Em períodos excepcionais, a política ultrapassa a esfera da gestão dos assuntos públicos e alarga as próprias fronteiras para o espaço de intervenção partidária na própria democracia, enquanto sistema.
O tacticismo e o convencional têm transformado o paradigma da política ao longo dos tempos, pelos piores motivos, e isso revela-se com o crescente afastamento dos eleitores. Assistimos, em Portugal e na Europa, a uma degradação da democracia representativa e a sociedade portuguesa reage com uma omissão cívica preocupante.
Nestes novos tempos, a todo o momento, a palavra “crise” surge nas discussões políticas quando ouvimos falar em crise económica, crise social, crise diplomática, crise de valores, crise de liderança, crise de regime e agora a mais preocupante de todas, a crise de representação.

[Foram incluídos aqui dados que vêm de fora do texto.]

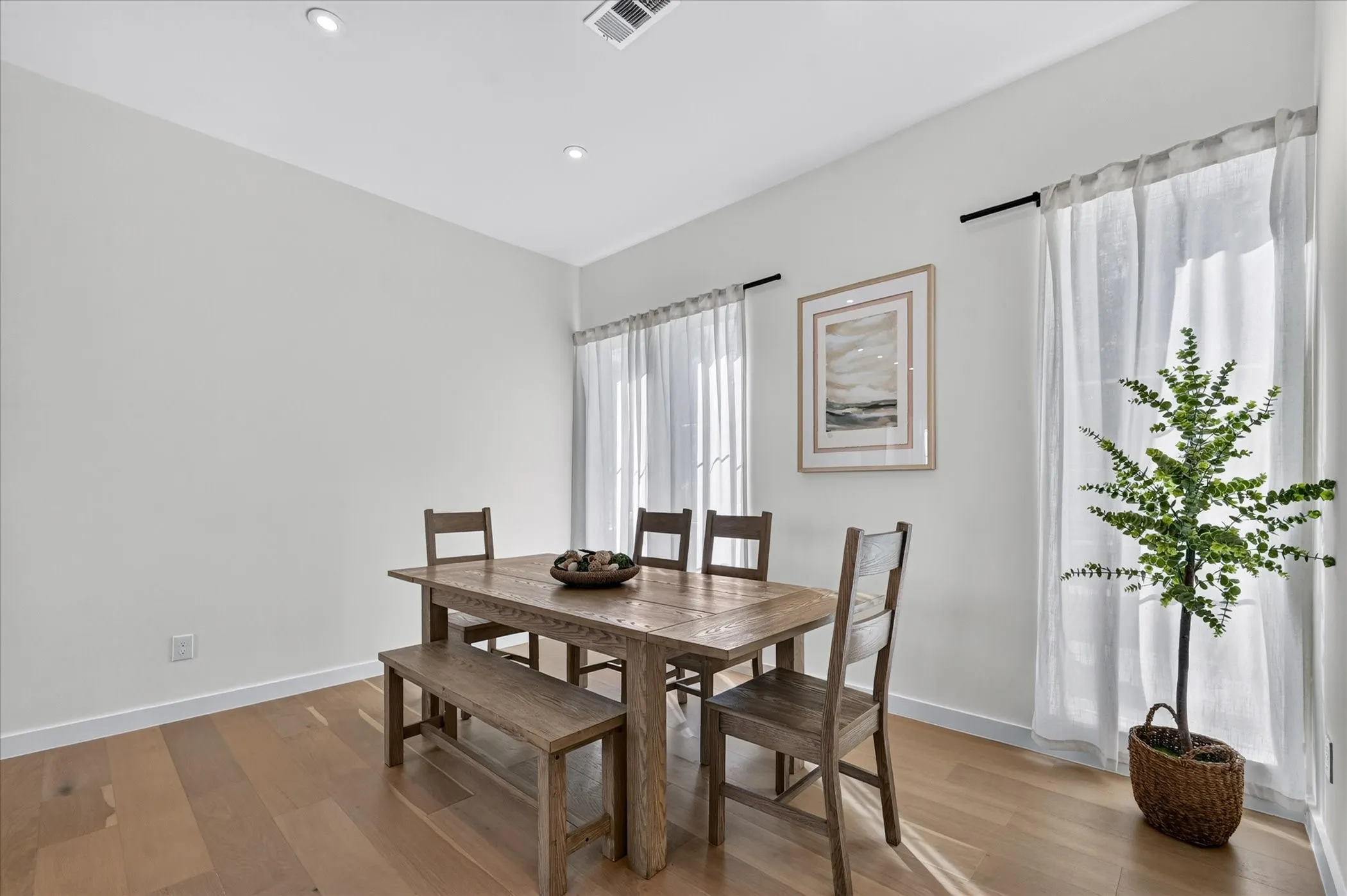 Recessed lighting illuminates wood-finish flooring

A política e as crises tornaram-se realidades inseparáveis ao ponto de poder dizer-se que uma pressupõe a outra. Sem crises, num mundo perfeito, a política seria quase dispensável. Mas quando falamos de crise de representação abre-se um novo tempo negro, em que não temos noção das consequências futuras.

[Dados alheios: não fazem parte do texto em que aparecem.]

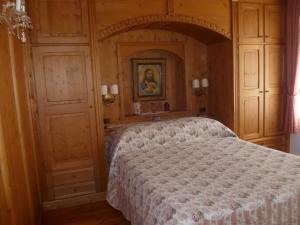 Postel nebo postele na pokoji v ubytování Cadore Haus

Hoje vivemos claramente uma crise de representação e o maior exemplo disso foram os cerca de 70% de abstenção nas últimas eleições europeias. Só 3 em cada 10 portugueses foram votar e não parece que apenas 30% de uma população possa representar os demais 70% alheados.
No momento atual em que, sem que muitos o percebam, vivemos a crise da própria política, temos inevitavelmente de adotar uma estratégia capaz de reanimar, no curto prazo, uma democracia que parece estar, ela sim, condenada á irrelevância.
Têm de se restruturar os partidos políticos na sua estrutura, funcionamento, organização e nas formas como comunicam com o eleitorado.
Têm de ser combatidos os vícios do sistema parlamentar definindo critérios objetivos para a ação política, para a participação política e até para a eleição e nomeação para cargos públicos.
Têm de se derrubar as barreiras do sistema político atual onde predomina a desresponsabilização dos seus protagonistas e ausência de fiscalização dos eleitos pelos eleitores.
Têm de ser enfrentados os interesses mais ou menos instalados na administração publica, nos órgãos de poder, nos grupos de pressão e nos grupos de interesses particulares (sindicatos, Associações, Ordens Profissionais, etc.).
Mas temos também de aproveitar o momento para refletir, com os protagonistas da opinião publicada e com a comunicação social em geral, sobre a sua responsabilidade neste estado de coisas. Não pode a comunicação social - o 4.º Poder - assobiar e olhar para o lado como se, também ela, não tivesse responsabilidades no estado da arte.
Este é o momento de todos os protagonistas em Portugal aproveitarem esta “crise” e ajudar a mudar os paradigmas de comunicação, representação e de formas de participação política para o futuro.
Mecanismos de participação política tradicionais como por exemplo a petição, a representação, a reclamação e a queixa, pelos poucos resultados que produzem estão completamente obsoletos e são ineficazes nos novos tempos.
Este é momento de colocar a debate as ideias mais disruptivas e ousadas (dentro de critérios de responsabilidade) para poder mudar o futuro da democracia participativa e assim aproximar os cidadãos da política.
Como disse Winston Churchill: “Nunca devemos desperdiçar uma boa crise.” E Churchill sabia muito bem como as enfrentar e potenciar. Temos de o fazer e não embarcar na demagogia fácil de quem não quer mudar nada.
É urgente encontrar consensos alargados que promovam uma reforma eleitoral e política com os olhos postos nos interesses das pessoas. Mas mais ainda é preciso encontrar consensos alargados para as reformas estruturais de um País em que a democracia participativa é elemento vital.
Hoje o vínculo entre os cidadãos e os políticos tem vindo a dar lugar a uma crescente indiferença, desconfiança e afastamento e é exatamente este vínculo de confiança que temos de ver reforçado, sob pena de termos repetidamente 30% de opiniões a comandarem 100% de portugueses.